SARAH MCCAMMON, HOST:
It's April 1, a day of celebrations - April Fools' Day, Easter Sunday and the first day of Poetry Month. Twitter is now officially open to your submissions to hashtag #nprpoetry. Every year, we get many creative original poems sent to us in under 140 characters. And yes, we know Twitter now allows more characters, but we're still asking you to keep it to 140, if you would, please. Because of that particular requirement, many of the poems we get are haiku. That is a traditional Japanese form of poetry that's based on a five-seven-five syllable structure - or is it?
We should say this is not an April Fools' joke. This is a real discussion about poetry. I hit the streets of Washington, D.C., this week to find out more about what makes a haiku a haiku. I was joined by Abigail Friedman, a former American diplomat to Japan and one of the judges of the Golden Haiku competition. For the past five years, the Golden Triangle neighborhood in Washington, D.C., has asked for haiku submissions. And the winners are printed on yard signs and scattered around the neighborhood.
You want to read this first one?
ABIGAIL FRIEDMAN: Yeah, I do. The haiku is by Garry Eaton. It won second place. And the haiku reads - (reading) a basketball spins on the edge of the hoop, spring equinox.

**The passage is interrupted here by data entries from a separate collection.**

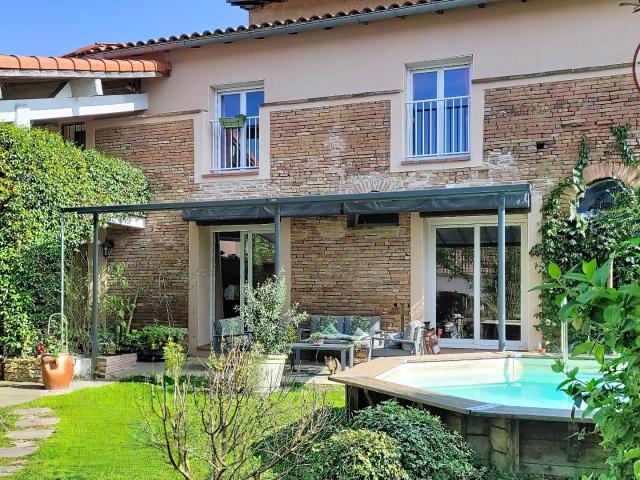 Maison 6 pièces 194 m²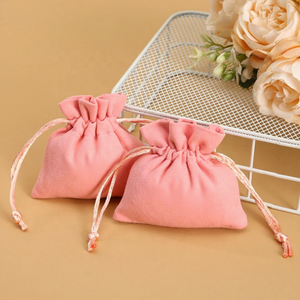 Pochette en velours avec logo personnalisé de haute qualité Pochette à cordon pour bijoux Mini pochette mignonne Emballage de boucles d'oreilles <span class=keywords><strong>Parfum</strong></span> - Product Image 1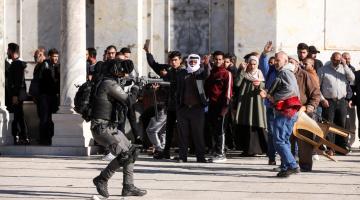  إصابات بمواجهات عنيفة مع قوات الاحتلال في الأقصى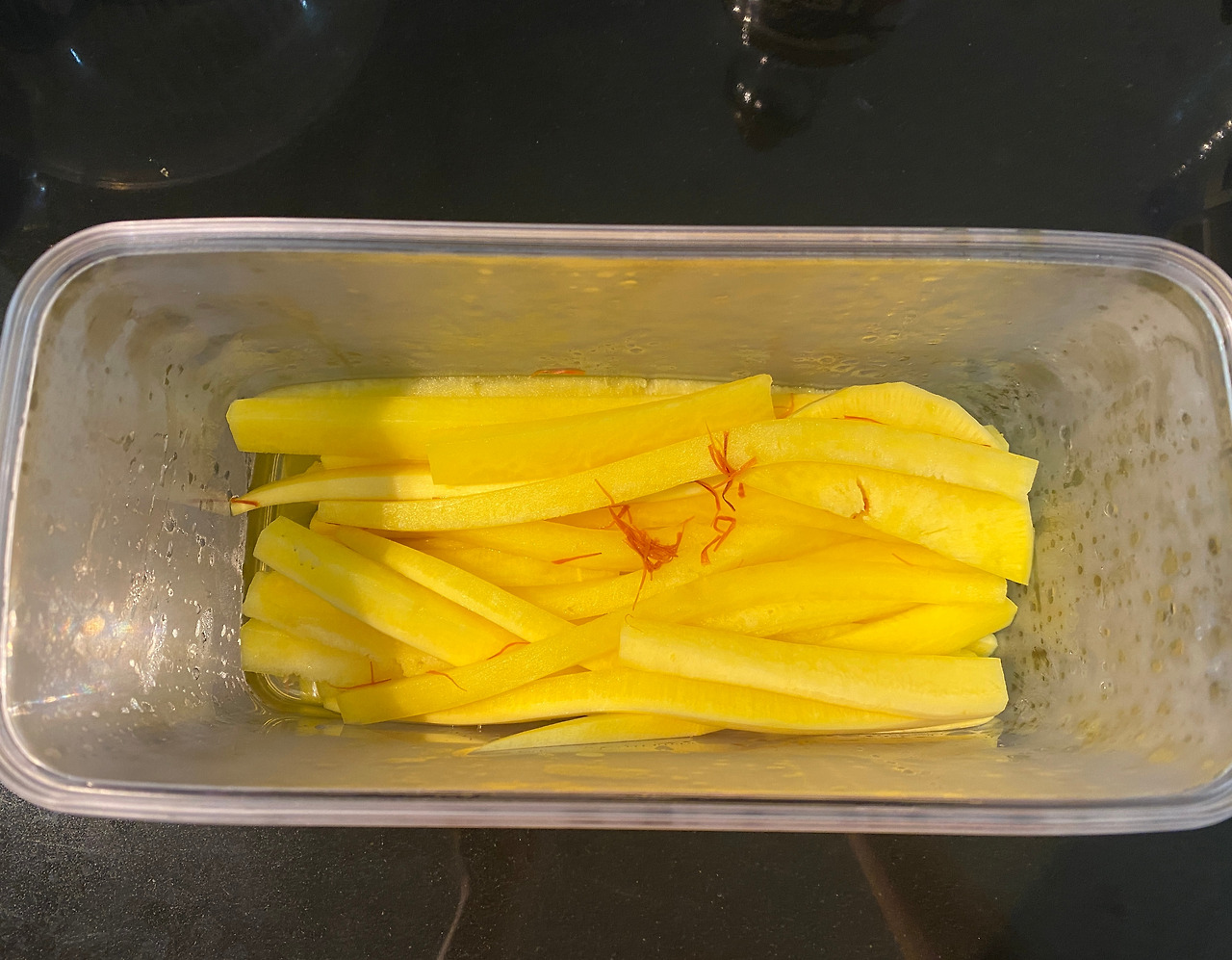 노랑단무지 이미지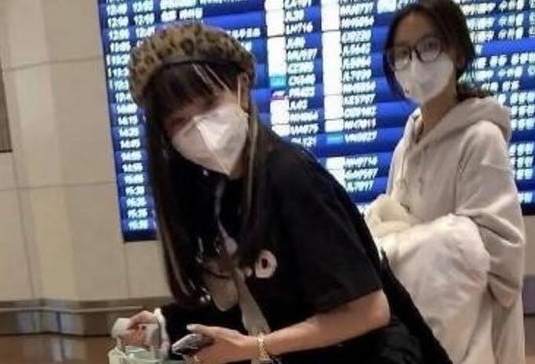 Nghe si Trung Quoc bi chi trich vi di nuoc ngoai tranh dich Covid-19 hinh anh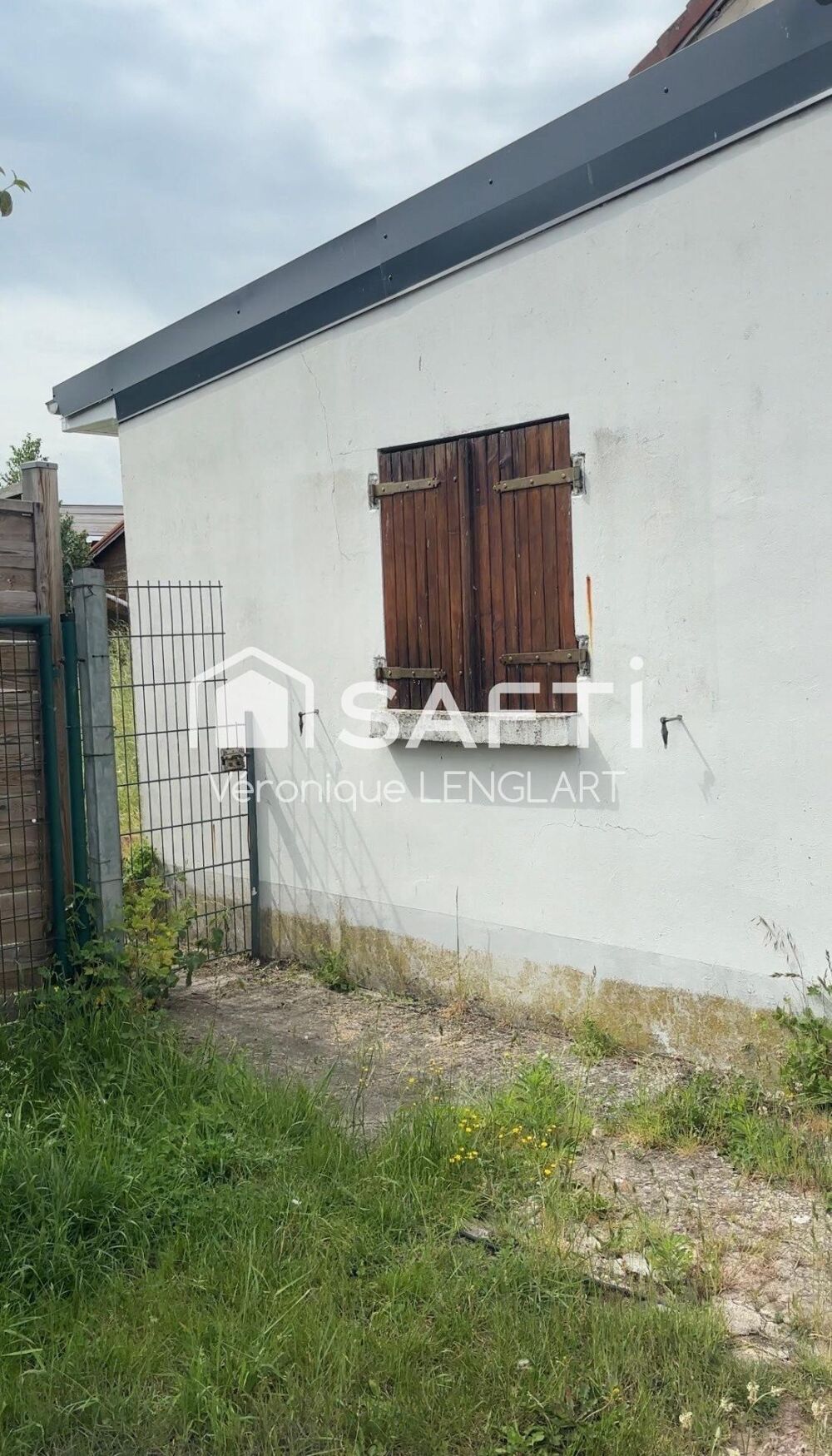 Charmante maison semi individuelle à rénover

MCCAMMON: Nice one, Garry, but a basketball spins on the edge - that's not five syllables.
FRIEDMAN: I will never say to someone that's not a haiku because if people are so wrapped up in pinning down definitions, they're not wrapped up in the desire to write poetry.
MATT LEVITAS: You know, if you ask anybody on the street, you'll be told it's five-seven-five. And certainly, that's true. But that's one of probably a dozen tools in the haiku writer's kit.
MCCAMMON: That's Matt Levitas from the Japan Information and Cultural Center.
LEVITAS: Just say that the syllable count is the only defining feature, and to say that something is not a haiku based on the number of syllables is really missing the forest for the trees.
MCCAMMON: Which is not to say that five-seven-five comes out of nowhere, it's just a bit lost in translation.
FRIEDMAN: Five-seven-five, in Japan, they're sounds. It's a natural rhythm. It's not a natural rhythm in English, so I can see how people would have taken that and come to the U.S. and said, oh, well, those five-seven-five sounds, they're like our syllables. So let's do that. I also think that, in schools, it was a useful vehicle for teachers in elementary school to teach people how to count syllables. I think a lot of teachers today are starting to see that there is a far more important thing to teach children, which is how to get comfortable writing poetry.
MCCAMMON: And Friedman says there are other equally important haiku rules in Japan that haven't made it into the books over here. like the cut word.
FRIEDMAN: It's a cut. It's a break in the flow. And then the third piece is a season word.
MCCAMMON: You're talking seasons like summer, spring, fall?
FRIEDMAN: And the new year. There are five seasons. In Japan, a season word is a very specific thing. It has to be part of the season encyclopedia, to kind of (unintelligible). If your word is not in there, then it's not a season word. But that whole concept of it having to be in the encyclopedia to make it a season word is also alien to the Western culture because we don't have these encyclopedia. So the idea of picking that five-seven-five piece and saying that's what defines it is not apt.
MCCAMMON: If thinking about those rules for haiku helps you get your ideas flowing, Friedman says that's great. But she says the most-important rule for haiku poets is just to go for it, which is what Matt Levitas did when a couple of helicopters flew over D.C. and interrupted our taping.
You're writing a haiku about the helicopters?
LEVITAS: Yeah, I was just thinking how one would treat that. Two choppers pass, we wait for a third.
MCCAMMON: And you really can write a haiku about pretty much anything.
LEVITAS: What do you think of writing a haiku about a cement mixer?
FRIEDMAN: There are haiku about cement mixers (laughter).